Billy Slagle, when all is said and done, will cut the most tragic figure. His story is ripe for a Shakespearean tragedy 1 or at the very least a documentary with a most somber soundtrack. Consider the evidence:
1. He was sentenced to death for a crime he committed at 18, when there was no option for LWPOR 2
2. The chief prosecutor for Ohio, Ted McGinty, recommended to the parole board that he shouldn’t be executed, which is pretty extraordinary.
3. In yet another surprising twist, given that parole boards and Governors usually do whatever prosecutors tell them to, both the board and the Governor’s office rejected his plea for clemency and continued on with the death sentence.
4. Three days before his scheduled execution, early Sunday morning, Slagle said “enough” and hung himself. 44 years old, having spent the last 26 years in jail, he took his own way out.
5. And then this. This that will just break your heart. This, this missive of reprieve that arrives too late or never arrives. This message of hope that, but for a series of harmless and innocuous actions would’ve gotten there in time, but didn’t.
On Friday, when Billy was alive and McGinty still didn’t want him executed, his lawyers received a phone call:
Timothy McGinty called Wilhelm with a revelation: County prosecutors had offered Slagle a plea deal at his original trial 26 years ago. If he pleaded guilty, he would serve 30 years and be eligible for parole. However, Slagle’s attorneys at the time did not inform him of the deal; instead, he received the death penalty.
Jaw: meet floor. There is nothing in this business as unconscionable as not informing the client that the state has made an offer. There is nothing as unforgiveable as doing it in a capital case where the client is facing the death penalty.

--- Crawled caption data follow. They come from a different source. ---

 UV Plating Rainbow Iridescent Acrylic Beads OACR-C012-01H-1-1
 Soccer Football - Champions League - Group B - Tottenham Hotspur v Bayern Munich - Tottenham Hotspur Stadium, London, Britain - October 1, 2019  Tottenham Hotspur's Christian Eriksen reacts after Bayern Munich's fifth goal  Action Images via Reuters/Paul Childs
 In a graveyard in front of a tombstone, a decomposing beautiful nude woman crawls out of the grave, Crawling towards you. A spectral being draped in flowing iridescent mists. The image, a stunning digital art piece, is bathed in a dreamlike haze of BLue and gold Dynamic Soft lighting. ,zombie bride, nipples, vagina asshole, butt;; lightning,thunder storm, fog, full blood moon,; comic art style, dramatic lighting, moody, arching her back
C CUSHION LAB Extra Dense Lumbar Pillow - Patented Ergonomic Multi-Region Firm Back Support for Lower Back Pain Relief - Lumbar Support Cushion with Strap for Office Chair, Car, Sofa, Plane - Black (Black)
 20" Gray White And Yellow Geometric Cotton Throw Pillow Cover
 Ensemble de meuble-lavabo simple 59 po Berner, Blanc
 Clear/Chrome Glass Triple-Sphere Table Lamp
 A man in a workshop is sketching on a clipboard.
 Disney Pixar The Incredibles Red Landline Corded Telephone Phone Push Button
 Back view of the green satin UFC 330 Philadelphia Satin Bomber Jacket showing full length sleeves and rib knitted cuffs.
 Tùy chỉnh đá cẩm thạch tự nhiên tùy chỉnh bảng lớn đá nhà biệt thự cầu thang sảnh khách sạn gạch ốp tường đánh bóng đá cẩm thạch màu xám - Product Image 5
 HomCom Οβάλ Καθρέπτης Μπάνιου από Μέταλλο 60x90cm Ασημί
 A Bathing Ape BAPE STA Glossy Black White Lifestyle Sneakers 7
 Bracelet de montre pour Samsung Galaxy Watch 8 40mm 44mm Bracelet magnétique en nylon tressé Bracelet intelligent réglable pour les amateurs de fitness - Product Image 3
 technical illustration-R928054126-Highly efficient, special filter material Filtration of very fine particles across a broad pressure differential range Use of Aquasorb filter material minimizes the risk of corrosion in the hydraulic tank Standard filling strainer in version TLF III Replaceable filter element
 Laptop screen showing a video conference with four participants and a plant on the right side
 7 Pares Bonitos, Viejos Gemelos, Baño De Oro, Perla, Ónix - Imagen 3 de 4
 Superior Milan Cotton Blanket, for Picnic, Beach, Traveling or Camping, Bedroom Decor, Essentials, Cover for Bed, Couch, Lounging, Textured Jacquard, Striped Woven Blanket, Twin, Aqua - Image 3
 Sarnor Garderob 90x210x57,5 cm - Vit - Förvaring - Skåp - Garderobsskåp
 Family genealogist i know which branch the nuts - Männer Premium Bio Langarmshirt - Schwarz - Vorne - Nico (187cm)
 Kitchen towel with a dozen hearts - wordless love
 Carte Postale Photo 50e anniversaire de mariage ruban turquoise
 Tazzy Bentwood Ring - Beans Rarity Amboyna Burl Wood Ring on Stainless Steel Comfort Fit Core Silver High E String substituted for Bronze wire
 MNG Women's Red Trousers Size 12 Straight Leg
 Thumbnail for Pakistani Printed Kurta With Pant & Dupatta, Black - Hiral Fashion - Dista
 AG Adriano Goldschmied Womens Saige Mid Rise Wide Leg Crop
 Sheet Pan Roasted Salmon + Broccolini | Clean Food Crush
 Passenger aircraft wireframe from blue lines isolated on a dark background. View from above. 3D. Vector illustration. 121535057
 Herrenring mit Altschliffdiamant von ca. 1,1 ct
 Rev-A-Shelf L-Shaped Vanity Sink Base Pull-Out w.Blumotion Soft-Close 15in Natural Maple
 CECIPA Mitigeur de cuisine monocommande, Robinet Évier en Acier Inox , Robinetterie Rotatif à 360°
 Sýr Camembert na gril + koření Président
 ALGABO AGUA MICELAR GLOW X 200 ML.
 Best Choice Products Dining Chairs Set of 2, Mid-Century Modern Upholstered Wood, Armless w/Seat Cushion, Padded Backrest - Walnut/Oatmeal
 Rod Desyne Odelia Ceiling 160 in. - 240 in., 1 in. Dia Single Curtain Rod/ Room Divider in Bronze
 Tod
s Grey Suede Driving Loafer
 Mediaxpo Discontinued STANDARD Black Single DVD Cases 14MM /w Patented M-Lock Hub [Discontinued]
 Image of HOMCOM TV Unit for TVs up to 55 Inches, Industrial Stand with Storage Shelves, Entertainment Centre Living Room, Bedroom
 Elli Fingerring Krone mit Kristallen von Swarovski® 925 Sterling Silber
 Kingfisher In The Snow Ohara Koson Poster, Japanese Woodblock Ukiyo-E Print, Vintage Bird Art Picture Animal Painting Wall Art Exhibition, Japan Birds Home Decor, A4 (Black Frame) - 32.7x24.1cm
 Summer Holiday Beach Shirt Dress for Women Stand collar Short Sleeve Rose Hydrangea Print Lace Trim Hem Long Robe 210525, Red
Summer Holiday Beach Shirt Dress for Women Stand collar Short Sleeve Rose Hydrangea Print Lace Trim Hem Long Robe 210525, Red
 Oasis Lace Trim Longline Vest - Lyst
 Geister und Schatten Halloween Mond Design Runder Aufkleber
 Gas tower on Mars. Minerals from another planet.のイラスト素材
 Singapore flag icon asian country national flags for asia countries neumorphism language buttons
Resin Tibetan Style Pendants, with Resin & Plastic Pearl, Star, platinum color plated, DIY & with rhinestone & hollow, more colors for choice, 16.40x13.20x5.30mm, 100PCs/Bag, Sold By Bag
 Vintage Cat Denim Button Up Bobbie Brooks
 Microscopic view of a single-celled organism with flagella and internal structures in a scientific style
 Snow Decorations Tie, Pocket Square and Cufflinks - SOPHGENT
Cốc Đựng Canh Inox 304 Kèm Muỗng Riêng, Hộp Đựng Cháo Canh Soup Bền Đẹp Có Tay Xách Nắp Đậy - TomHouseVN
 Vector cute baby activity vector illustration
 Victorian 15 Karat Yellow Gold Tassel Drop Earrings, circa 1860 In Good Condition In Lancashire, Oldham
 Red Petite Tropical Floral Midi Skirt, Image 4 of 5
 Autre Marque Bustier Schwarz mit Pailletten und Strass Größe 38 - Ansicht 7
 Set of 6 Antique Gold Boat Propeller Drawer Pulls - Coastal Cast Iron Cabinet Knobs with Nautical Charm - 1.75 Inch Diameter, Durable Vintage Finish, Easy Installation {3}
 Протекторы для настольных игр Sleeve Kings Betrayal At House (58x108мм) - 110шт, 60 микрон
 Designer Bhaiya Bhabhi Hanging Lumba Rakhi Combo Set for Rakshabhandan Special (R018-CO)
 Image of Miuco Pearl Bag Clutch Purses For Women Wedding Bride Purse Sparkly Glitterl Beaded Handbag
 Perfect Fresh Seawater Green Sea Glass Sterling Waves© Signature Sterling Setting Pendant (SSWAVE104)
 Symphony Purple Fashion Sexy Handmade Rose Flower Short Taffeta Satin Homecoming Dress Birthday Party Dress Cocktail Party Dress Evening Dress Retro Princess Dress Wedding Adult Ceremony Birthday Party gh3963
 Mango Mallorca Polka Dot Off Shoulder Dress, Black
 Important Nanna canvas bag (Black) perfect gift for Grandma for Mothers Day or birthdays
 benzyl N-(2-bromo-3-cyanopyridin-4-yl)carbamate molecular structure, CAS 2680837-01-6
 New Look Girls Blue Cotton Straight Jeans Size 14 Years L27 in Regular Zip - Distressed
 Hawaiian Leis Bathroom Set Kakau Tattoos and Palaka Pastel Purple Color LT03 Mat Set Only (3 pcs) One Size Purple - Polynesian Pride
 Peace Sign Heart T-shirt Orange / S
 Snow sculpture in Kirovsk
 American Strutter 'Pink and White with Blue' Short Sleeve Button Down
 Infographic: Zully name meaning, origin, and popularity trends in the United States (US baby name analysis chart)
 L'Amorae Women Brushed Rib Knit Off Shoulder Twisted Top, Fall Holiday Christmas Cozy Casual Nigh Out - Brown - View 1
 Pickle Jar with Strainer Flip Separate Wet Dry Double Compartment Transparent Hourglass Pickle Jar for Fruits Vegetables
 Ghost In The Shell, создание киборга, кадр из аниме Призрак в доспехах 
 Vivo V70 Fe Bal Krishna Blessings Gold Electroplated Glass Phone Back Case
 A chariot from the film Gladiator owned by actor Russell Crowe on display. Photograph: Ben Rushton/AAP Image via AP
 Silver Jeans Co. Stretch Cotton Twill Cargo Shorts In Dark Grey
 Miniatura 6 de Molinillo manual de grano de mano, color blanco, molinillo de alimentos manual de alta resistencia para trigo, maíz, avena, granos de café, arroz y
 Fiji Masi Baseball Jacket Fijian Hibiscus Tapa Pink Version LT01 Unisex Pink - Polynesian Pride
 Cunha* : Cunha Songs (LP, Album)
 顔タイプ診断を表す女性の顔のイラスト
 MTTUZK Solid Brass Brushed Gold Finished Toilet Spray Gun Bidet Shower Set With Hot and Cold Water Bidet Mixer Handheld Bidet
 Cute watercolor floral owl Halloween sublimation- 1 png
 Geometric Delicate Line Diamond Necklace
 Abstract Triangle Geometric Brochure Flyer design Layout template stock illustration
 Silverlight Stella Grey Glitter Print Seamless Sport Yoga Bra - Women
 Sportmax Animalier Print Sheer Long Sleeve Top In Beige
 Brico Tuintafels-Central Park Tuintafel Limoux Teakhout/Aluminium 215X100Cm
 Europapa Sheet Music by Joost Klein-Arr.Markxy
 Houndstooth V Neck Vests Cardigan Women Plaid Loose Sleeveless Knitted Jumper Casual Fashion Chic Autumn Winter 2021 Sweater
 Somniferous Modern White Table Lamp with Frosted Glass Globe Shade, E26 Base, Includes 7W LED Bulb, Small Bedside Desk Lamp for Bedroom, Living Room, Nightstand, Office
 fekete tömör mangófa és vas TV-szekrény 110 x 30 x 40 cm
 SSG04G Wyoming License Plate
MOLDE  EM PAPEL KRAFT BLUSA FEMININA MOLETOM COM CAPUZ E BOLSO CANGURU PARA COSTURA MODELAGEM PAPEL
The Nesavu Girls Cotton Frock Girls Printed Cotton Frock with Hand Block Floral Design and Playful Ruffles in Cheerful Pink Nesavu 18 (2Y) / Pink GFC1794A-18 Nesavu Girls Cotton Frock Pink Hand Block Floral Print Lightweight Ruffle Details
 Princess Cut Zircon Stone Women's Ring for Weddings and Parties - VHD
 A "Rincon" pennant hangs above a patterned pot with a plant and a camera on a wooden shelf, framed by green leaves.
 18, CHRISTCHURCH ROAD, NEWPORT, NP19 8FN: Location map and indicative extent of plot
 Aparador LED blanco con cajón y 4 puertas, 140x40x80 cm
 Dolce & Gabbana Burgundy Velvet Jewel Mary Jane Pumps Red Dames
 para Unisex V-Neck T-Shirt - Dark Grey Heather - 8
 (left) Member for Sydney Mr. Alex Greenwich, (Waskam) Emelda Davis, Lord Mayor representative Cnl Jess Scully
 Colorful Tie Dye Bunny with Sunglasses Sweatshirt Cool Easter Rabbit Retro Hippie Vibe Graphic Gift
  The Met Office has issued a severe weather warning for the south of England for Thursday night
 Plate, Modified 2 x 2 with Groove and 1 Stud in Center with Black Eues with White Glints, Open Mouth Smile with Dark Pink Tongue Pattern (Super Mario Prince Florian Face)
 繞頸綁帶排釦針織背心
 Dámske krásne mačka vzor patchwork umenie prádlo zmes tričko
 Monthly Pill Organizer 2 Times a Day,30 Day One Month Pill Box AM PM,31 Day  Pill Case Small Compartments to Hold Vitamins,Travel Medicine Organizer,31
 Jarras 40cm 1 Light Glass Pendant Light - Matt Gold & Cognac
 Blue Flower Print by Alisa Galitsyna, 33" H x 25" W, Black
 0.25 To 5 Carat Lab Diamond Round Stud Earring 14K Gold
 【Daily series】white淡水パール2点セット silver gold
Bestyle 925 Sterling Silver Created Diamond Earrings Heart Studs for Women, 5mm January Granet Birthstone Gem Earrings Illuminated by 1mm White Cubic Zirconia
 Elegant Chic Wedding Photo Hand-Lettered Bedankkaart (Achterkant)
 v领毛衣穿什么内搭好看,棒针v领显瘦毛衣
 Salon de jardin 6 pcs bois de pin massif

Embodied in Lafler v. Cooper 3 is the principle that every person has the right to a competent lawyer giving competent advice at all stages of a criminal proceeding. This includes the right to know of any offers and be given competent, reliable advice about what to do with that offer.
Not telling your death-eligible client about a 30 year offer is not one of those “eh-maybe-if-I-feel-like-it” things.
And no one told Billy Slagle. No one told Billy Slagle of it 26 years ago and no one told Billy Slagle of it on Friday. Or Saturday. Or Sunday.
Billy Slagle died without ever knowing that he was offered a plea deal of 30 years. Billy Slagle died without ever knowing that there was a good chance that he’d have to hang on for just another four, or ten. Not forever. Not the sweet nothing of the hereafter. There was light at the end of the tunnel. Unfortunately for Billy, it was a different light and a different tunnel.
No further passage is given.